___ Collected material

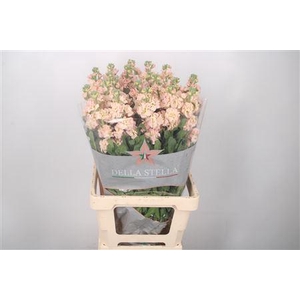 Matth Iron Apricot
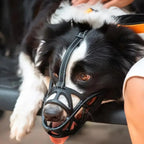 Adjustable Nylon Dog Muzzle Safety Canine Muzzle
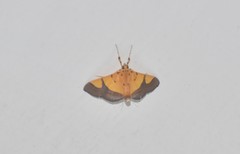 Endocrossis flavibasalis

______

* Problem details
The whole listing should be retyped word for word; none of its pictures belong in the copy.

* Exercise result
 Matth Iron Apricot
 Adjustable Nylon Dog Muzzle Safety Canine Muzzle
 Endocrossis flavibasalis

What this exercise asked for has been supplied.